Para que todos aprendam, que o exemplo é a lição!

Ressuscitado, a quadragésima com os apóstolos passou,
Com as coisas do Pai, iluminando-lhes o espírito e a mente.
Chegado o seu tempo, qual gota de água, ao céu se elevou,
Deixando-os a sós, para que sintam o espirito presente.
Abandonas os discípulos, entregues ao mundo cruel?
Não! Eu e o Pai somos o espírito, omnipresente e fiel.

Qual pedra angular, sobre Pedro erigida, nasce a igreja,
Da quadragésima marcando o ritmo e a cadência.
É cristã, prega bem alto para que toda a gente veja,
Católica, Anglicana, Ortodoxa ou Luterana, é a convergência.
Que esperais desse tempo, aos homens restringindo a ação?
Esperamos o Senhor, este é o tempo de purificação.

Habita num corpo com vida efémera, a alma eterna,
Ungido com cinzas: Nasceste do pó e ao pó voltarás!
Nesta Quarta solene, uma cerimónia que consterna,
Começa a penitência: a purificação vencerá Satanás.
Que esconde tal dia, que parece a esmo escolhido?
Inicia-se a Quaresma, tempo de estar recolhido.

São sete irmãs: a primeira é manca e a última santa,
Quarenta dias que, ironicamente, ignoram o domingo.
Jejum e abstinência, virtudes que a Igreja encanta,
Na reserva do meu canto, o que origino é só comigo.
Com solenidade impões tal fardo aos fiéis.
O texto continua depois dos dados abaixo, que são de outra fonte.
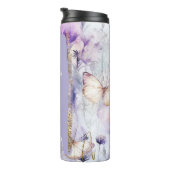 Voeg naam Paarse Butterfly Custom Gift toe Thermosbeker (Geroteerd rechts)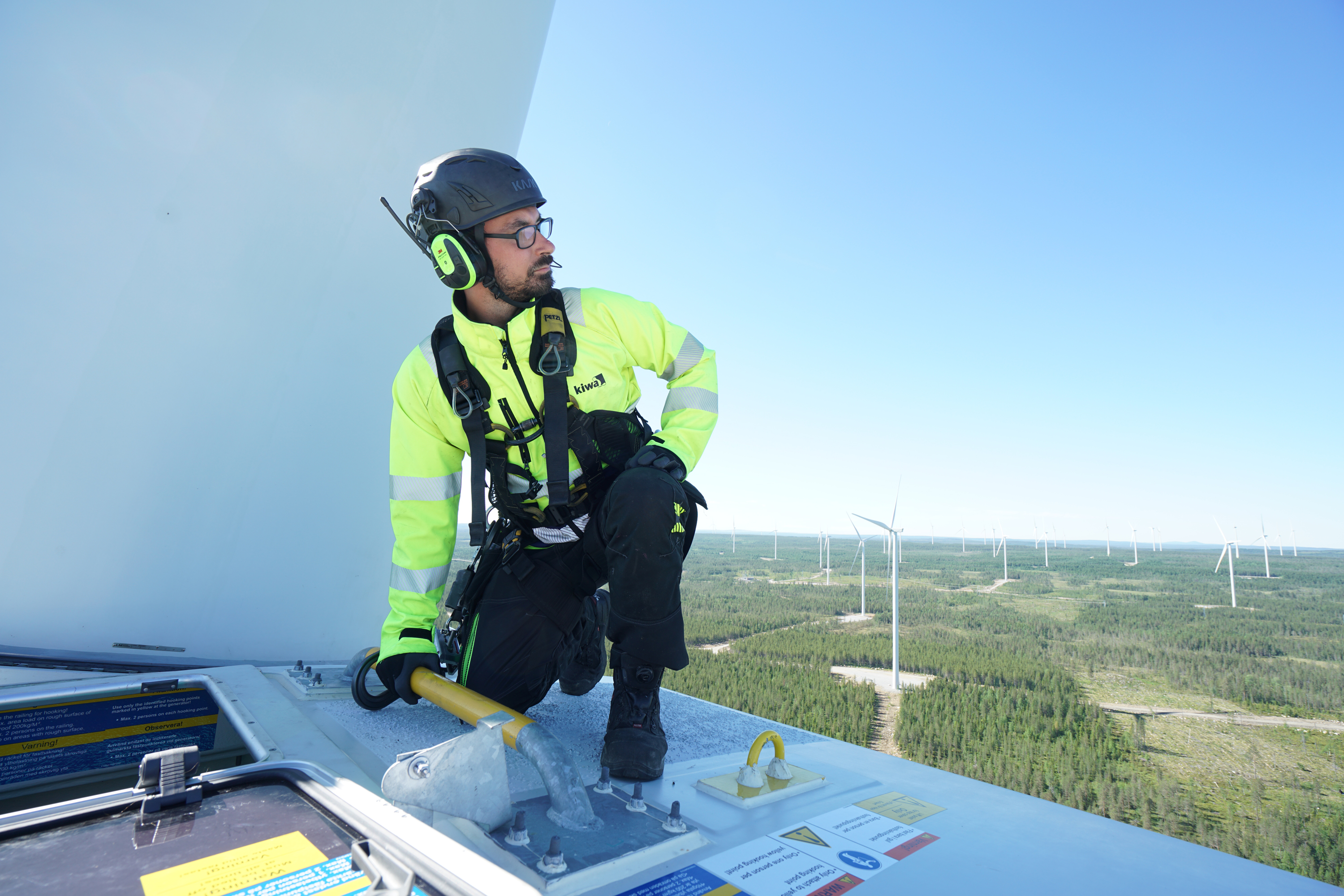 Arbetare p&aring; vindkraftverk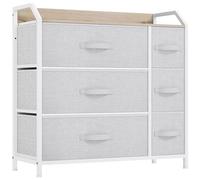 YITAHOME Commode avec Poches latérales et Crochets, Commode à 6 Tiroirs en Tissu Meuble de Rangement avec Dessus en Bois pour Chambre à Coucher, Salon,Gris Clair
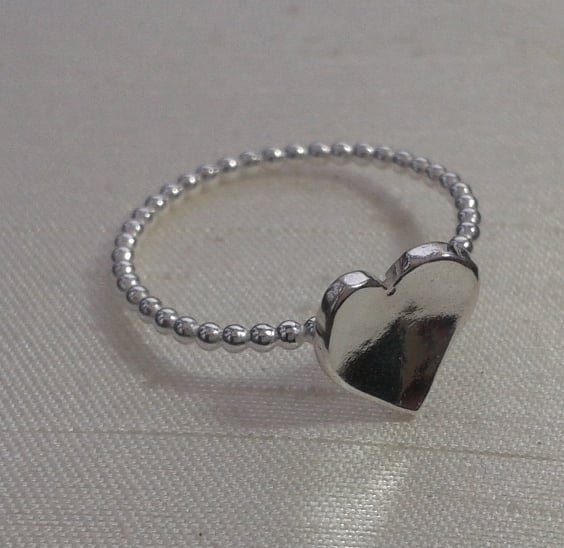  Beaded Sterling Silver Ring with Domed Heart, size O-P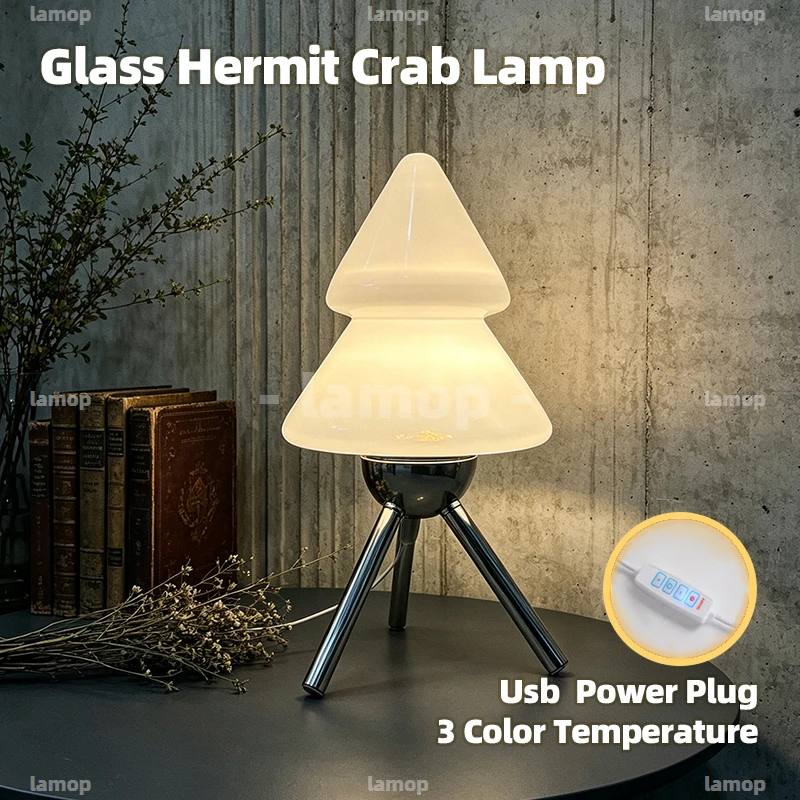 Glass Double‑Taper‑Canopy Shade Table Lamp Loft‑Serene 3 Tone Subtle Glow Study Side‑Cabinet Lounge Shelf Decor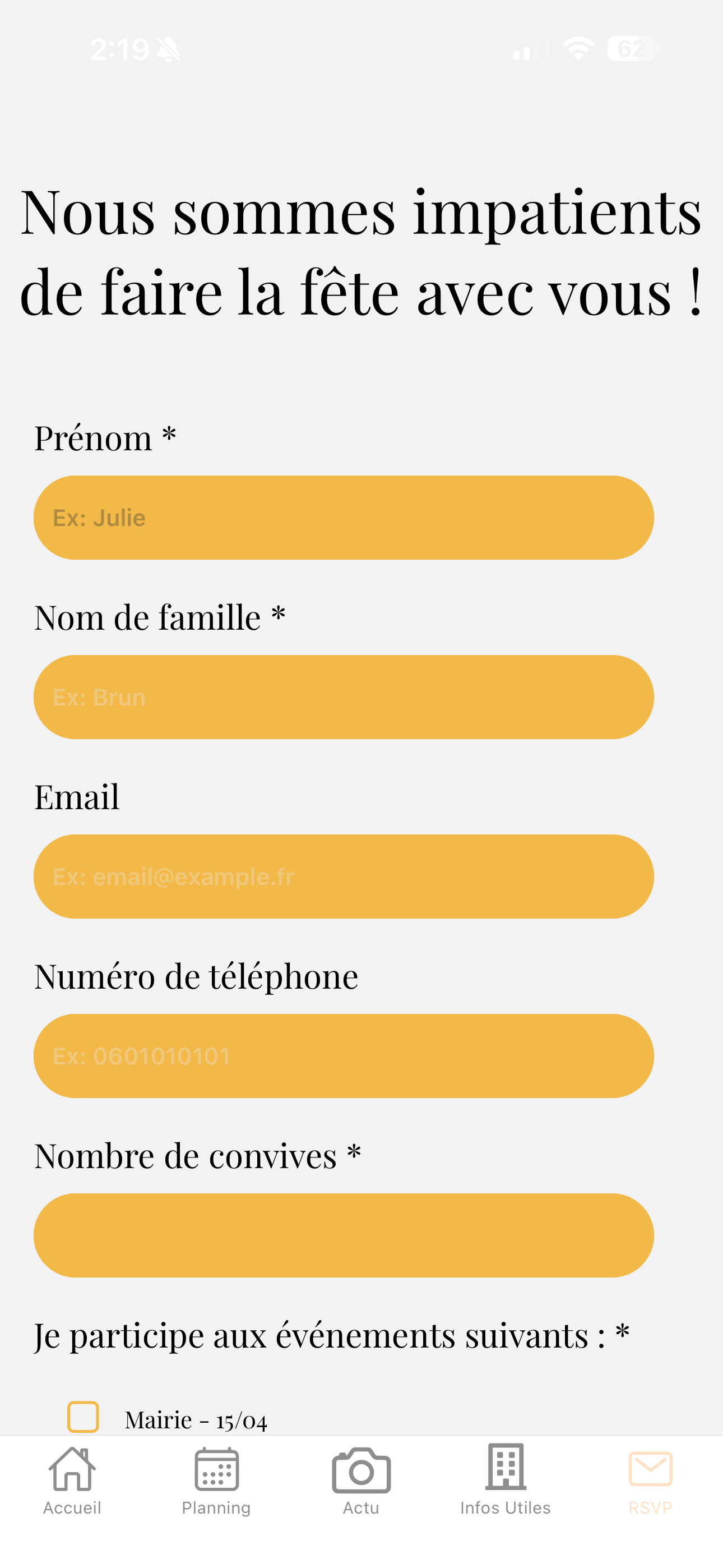 Écran RSVP WeddingApp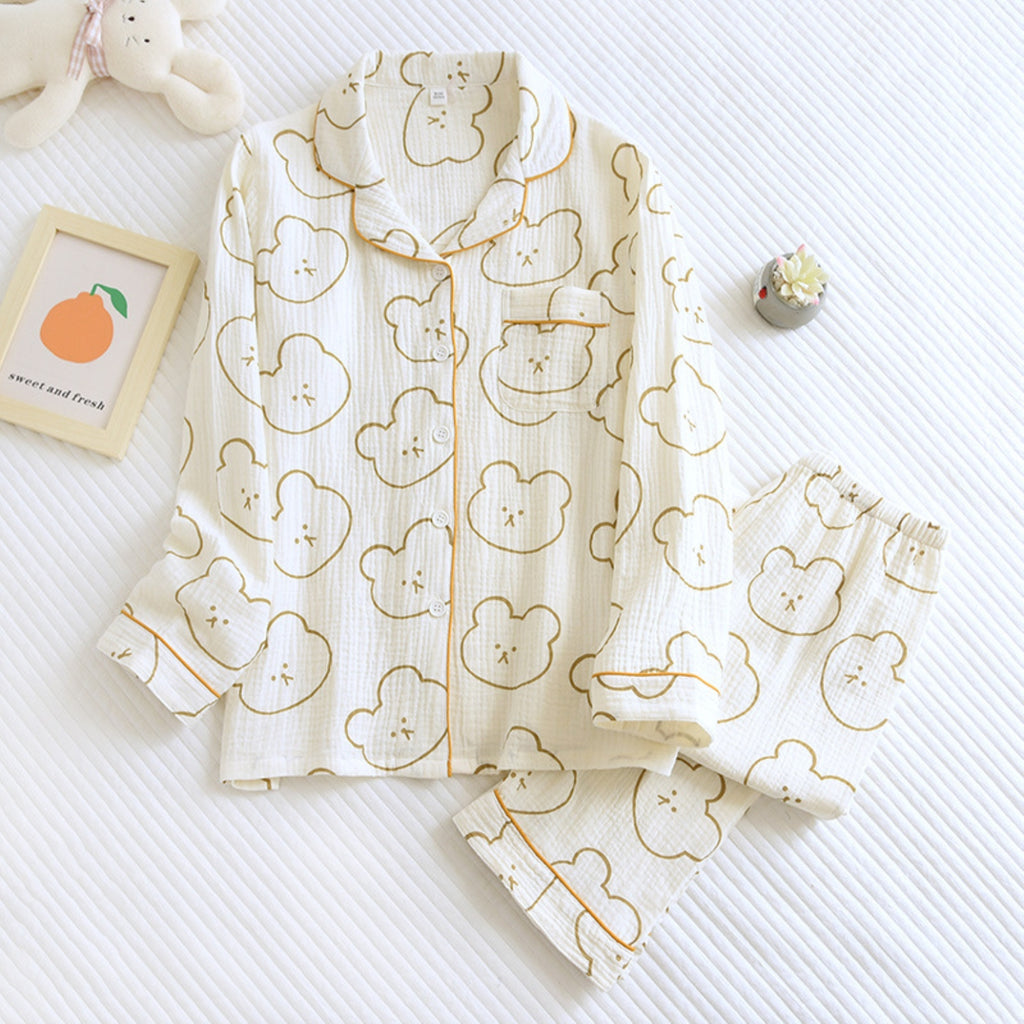 Bear Pattern Textured Pajama Coordinates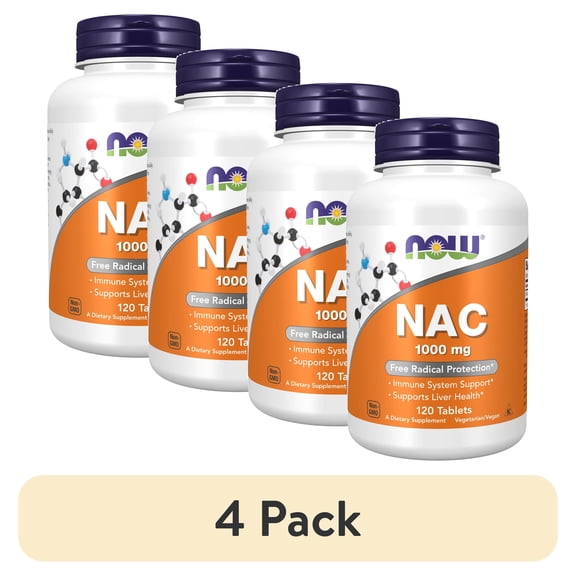 (4 pack) NOW Supplements, NAC (N-Acetyl-Cysteine) Tablets, 1000 mg, Free Radical Protection*, 120 Count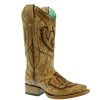 Western Boots * | Excellent Corral Straw Horseshoe Embroidered With Crystal Studs Women'S Boots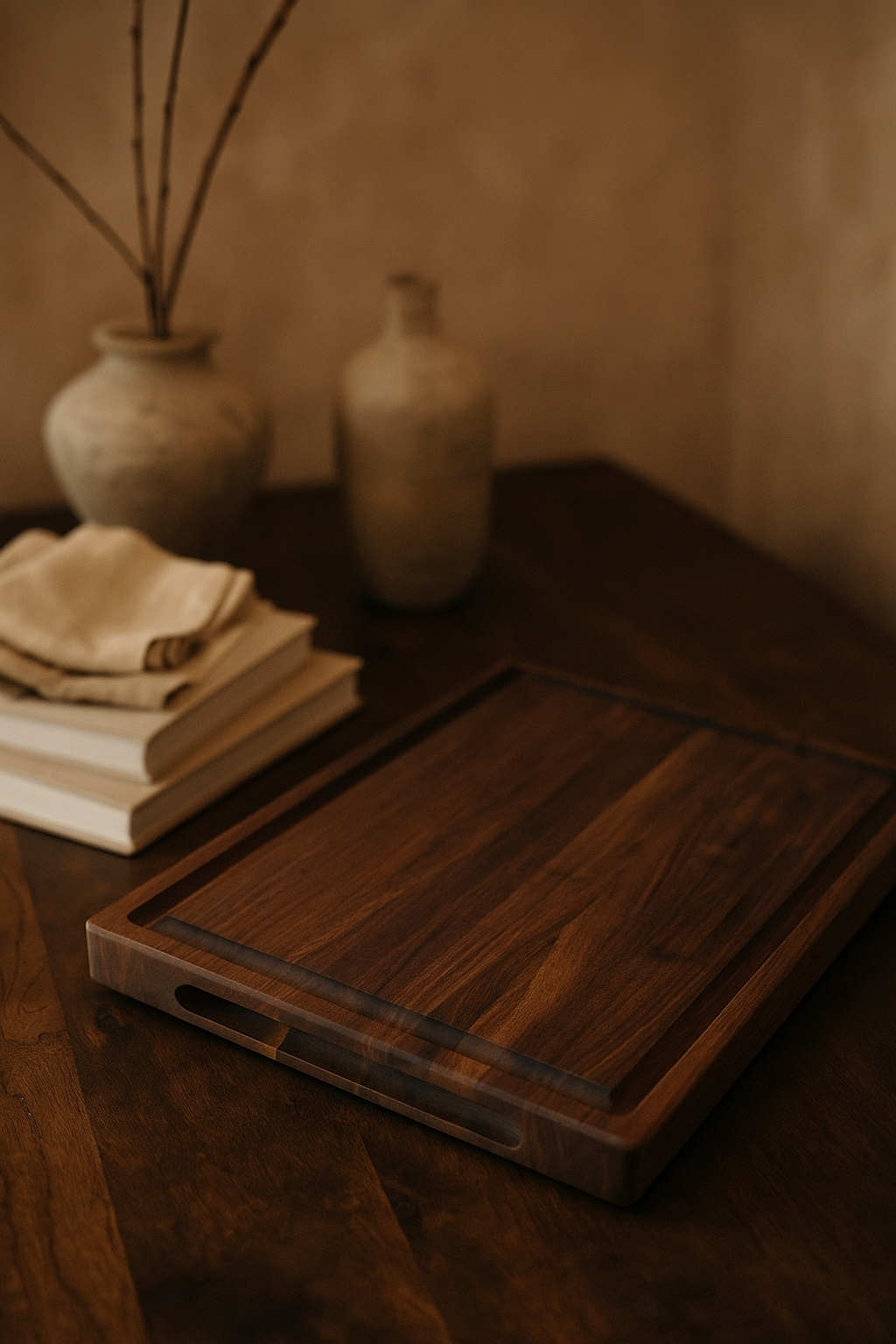The Craftsman walnut cutting board displayed in a warm kitchen setting with styled accessories.
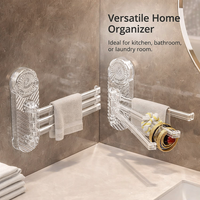 Cabinet and Sink Drain Rack with Rotating Suction Cup Kitchen Rag Holder, Wall-Mounted Dish Cloth for General Organization
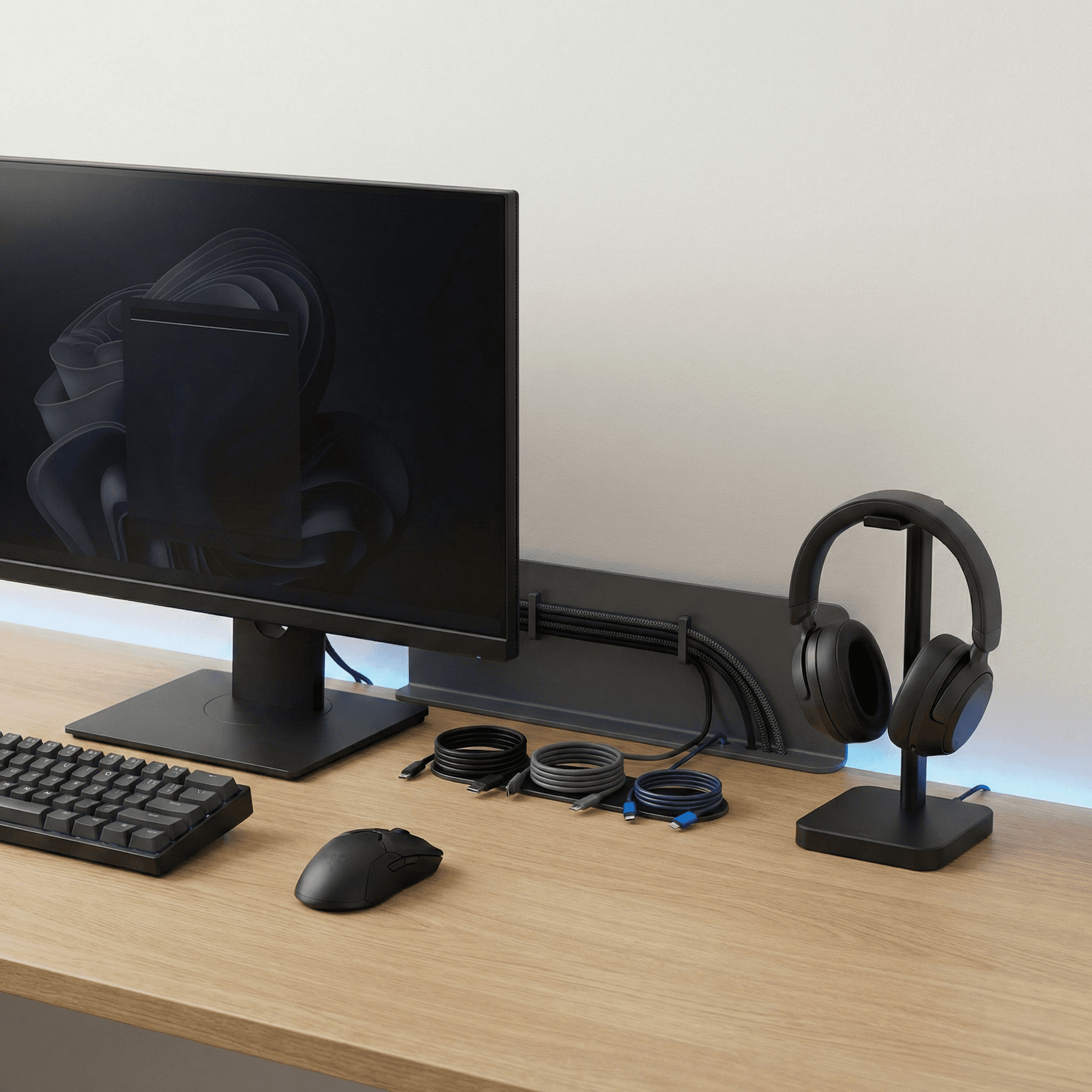 Creator kit clean gaming desk cable routing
Porquê?
Para a purificação da alma, sacrificam o que se vê.

Veste-se de roxo o celebrante: cor de recolhimento,
Solenidades dominicais: epistolas bem marcadas.
O rosa ofusca o cego, explosão de contentamento,
O Lázaro e os Ramos, condignamente celebrados.
Porque marcam passo, um caminhar em procissão?
Sobem a escadaria, que conduz ao altar da celebração.

Seguem em via-sacra: em cada queda uma paragem.
Vem o lava-pés: maravilhosa lição de humildade…
Em cerimónia solene, recebe-se da morte a mensagem.
Vil traição! Os mais próximos negam-lhe a lealdade…
Porque receais, escondendo a vossa afeição?
É duro o caminho, mais fácil é a sua negação.

Em desespero, veem o mestre ser cruxificado,
Esquecem as palavras por Ele ditas com paixão!
Renasce a esperança, ao ver o mestre ressuscitado,
Cumpre-se a escritura, dando-lhes força e convicção.
Longa foi a jornada. Porque lhes dais tanta importância?
É a Quaresma, tempo de purificação e penitência.